I don't think it's a spikerush simply because
it's too soft to ever survive semi immersed,
let alone flower or seed. but until someone 
suggests another Genus, I guess I'm stuck
with the assumption that it's an Eleocharis.

my photo with the tape measure is in water.
lain flat, out of water, you would see a thick
green line, like strands of wet green hair, as
this aquatic plant has no rigidity whatsoever.
another possibility is it's seasonal, and will
send up a rigid stem to flower and seed at
a certain time of year, or water condition.

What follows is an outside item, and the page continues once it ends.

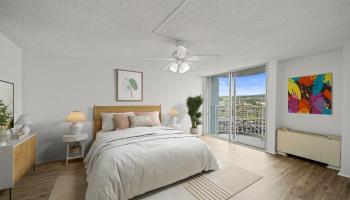 Hilo Lagoon Centre condo # 521, Hilo, Hawaii - photo 1 of 24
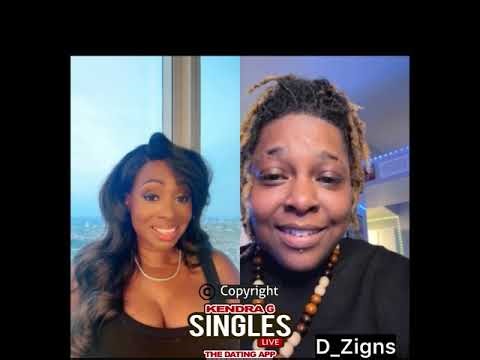 FOR THE LOVE OF A STUD! If you’re interested send email to Casting@KendraGSingles.com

neon, here's a thought about your thin grass.
perhaps the spiral is not indigenous to the grass
rather the location of your light source. moving
some grass directly under your light may inspire it
to spiral as well, if it's as thin and soft as you say.


----------



## 247Plants

Sweet find.

Can I be first to be on the waiting list to buy some from ya


----------



## fredyk

darn you, sypnet, that's a find!
edit: "that's a sweet find" : )


----------



## spypet

2 weeks of growth later, leaves spiral and bend along the surface.
please notice those fine white horizontal lines near the bottom?
that is the grass trying to spread one new leaf every centimeter.
oddly it's occurring above the gravel line, not from the root mass.
it ruins the pure aesthetic of the grass, so what I'm doing is cutting
them off every week, and planting the white part under my gravel.
I've no idea what this is, but it has a fast growth rate for a grass.
still no rigid upshoots that might show it's flower & seeding system.
notice the low fuzzy algae coated leaves are gone. I put a Flag
fish in the tank for a few days, and he cleaned them right up, but
I had to remove him as he would also pull some plantlets up & out.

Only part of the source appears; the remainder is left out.